He works at the old shack by the beach. It is dark and yet nippy inside – there are very few to no electrical lights, and are only turned on during the scant storms - windows are always open so that the sea can breathe through and explore it, and the white-illumination of the sun baths within the warm dark between the wet wood and the floorboards with sand crusted in-between. The hard flooring is speckled in sand that has come from in-between the toes of pedestrians and ice-cream licking children.
He dreams of the ocean on his breaks despite the disruptive atmosphere – and the fact water is so close brings him great comfort and ease. A cigarette has never hung from his lips, for there is no need when relaxation is the shoreline, and the thick scent of salt is far more relaxing to him than smoke or needles could ever be.
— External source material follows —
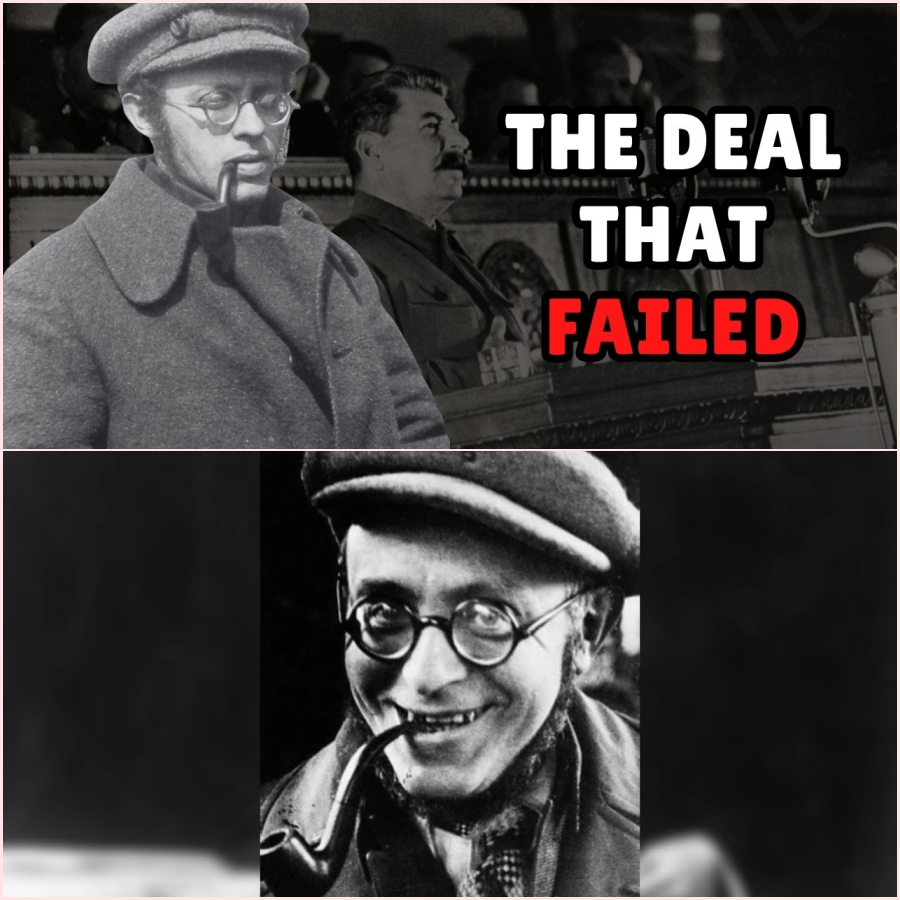 He Made a Deal with Stalin to Survive — Stalin Killed Him Anyway | The Story of Karl Radek – HT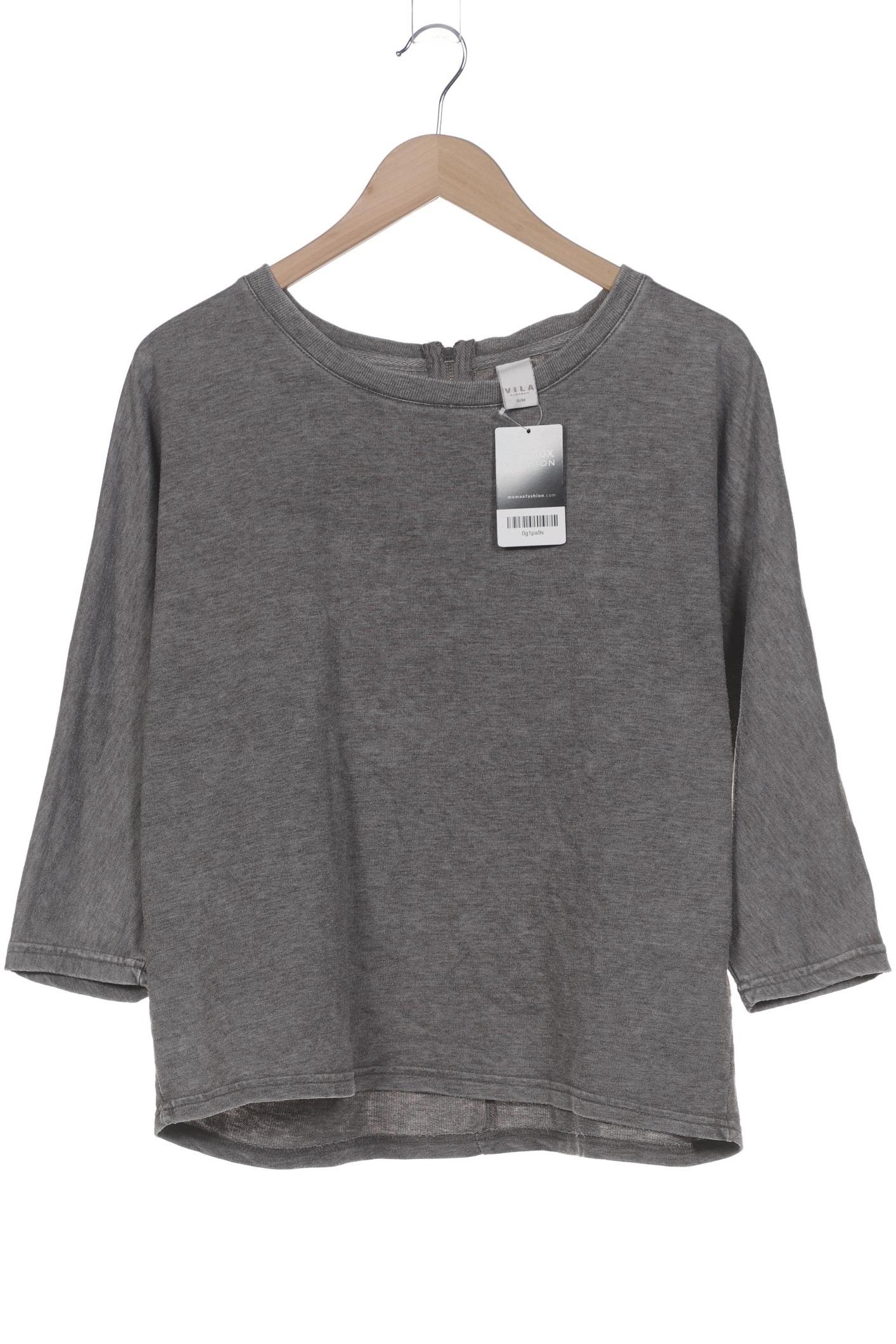 

Vila Damen Sweatshirt, grau, Gr. 36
Inside they sell fish of various assortments, lobsters and crab; all captured less then a few nights ago by the hands of its own workers. He is not of legal age to be handling such equipment, but it is only a minor inconvenience that goes unreported and unnoticed. He sometimes fancies pitying the creatures that will be inside someone’s belly by day’s end.
It is always loud inside here, loud with quibbling people and wide-eyed tourists who are not accustomed to such pandemonium. Still, he dreams. The lines are usually crammed and untidy with people – they’re all eager to taste the ocean, and the cash register is a continuous box of noise, with its clicking knobs and the ‘ching’ sound it makes every time cash is exchanged. The food they sell is crisp and cleaned thoroughly: a small joy he covets at this place is taking apart the shells of lobsters – their backs are as smooth as rugged plastic and they smell of an ever higher concentration of the ocean then himself. He tries to kill them painlessly; such beatific animals only deserve just treatment and respect: just as anything else that inhabits the earth does, he believes. Their vertebra’s are like cords and he feels across them like piano keys, the texture bumpy and raucous against the pads of his cooled fingers. It makes him smile to himself. They are similar, in sorts.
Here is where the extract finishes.